Gerry: One of the other things to follow up on Bob’s point with respects to experts and the point that I was making on early case assessments. I think it’s important for listeners to understand that retaining early is critical. Certainly from our perspective as council that we will provide opinions on liability but it’s also very important to retain experts who can help with lost quantification. Often times Dean is what you will see is that clients will come in and have the benefits of internal accountants and they may have some views of damage theories, but those damage theories might as well be flawed. One of the helpful services that experts provide is really an objective view point in terms of here is the raw data and here is what we think of what we can prove in trial and that’s very helpful in the early case assessment. My point is simply when doing an early case assessment is not just to seek legal advice but also to seek the advice of experts to provide an objective view of loss quantification.

Helen: And Gerry how would that affect your strategy as in next step of a case knowing from the outset of where the loss is, the issues and the magnitude associated with the losses.

Gerry:

Helen: I think you can appreciate it’s critical. If I know that I’m fighting a 50 million dollar problem the resources and the team that we will put on to that case is significantly different than if we’re fighting a 5 million dollar or a 50 thousand dollar case. So one of the reasons why we like to do early case assessment is to really to provide a reality check so that the client knows really from the get go what the size of the knot is, if I can put it that way, that we’re dealing with and can then allocate resources and come up with a proper strategy. So it’s pretty important.

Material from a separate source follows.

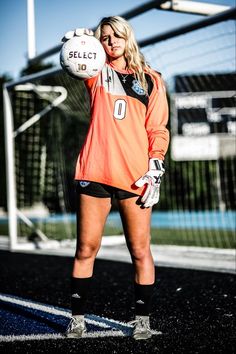 a woman in an orange jersey is holding a soccer ball and posing for the camera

Helen: Gerry, you’ve spoken about early consultation and mediation process, where do you go from there?

Gerry: Well it depends, if in fact the parties are able to engage a third party neutral and they’re able to effect a settlement then a settlement is effective, it’s documented and it’s carried out. If in fact the settlement cannot be achieved, then there again is a whole range of different options some of which maybe negotiation and settled before you can start the mediation and some you cannot. By way of example you can agree upon a mediation arbitration process, where if the mediation is not successful you’ll move straight into arbitration with live witnesses and that hearing will in fact take place in front of the mediator who’ll then become an arbitrator. The change there is the mediator rather than being a neutral third party who is merely facilitating the discussions of the parties will then become a decision maker and impose a decision. If that is not agreed upon at the outset, what will normally happen the mediation will fail, the parties will go back to their respective advisors and whether or not arbitrate or litigate and that will depend on the fact of the case.

Helen: Bob, you’ve mentioned using jointly appointing a single expert. Gerry you’ve mentioned mediation, arbitration, litigation there all sorts of choices. Are clients making different choices as to which route they take now?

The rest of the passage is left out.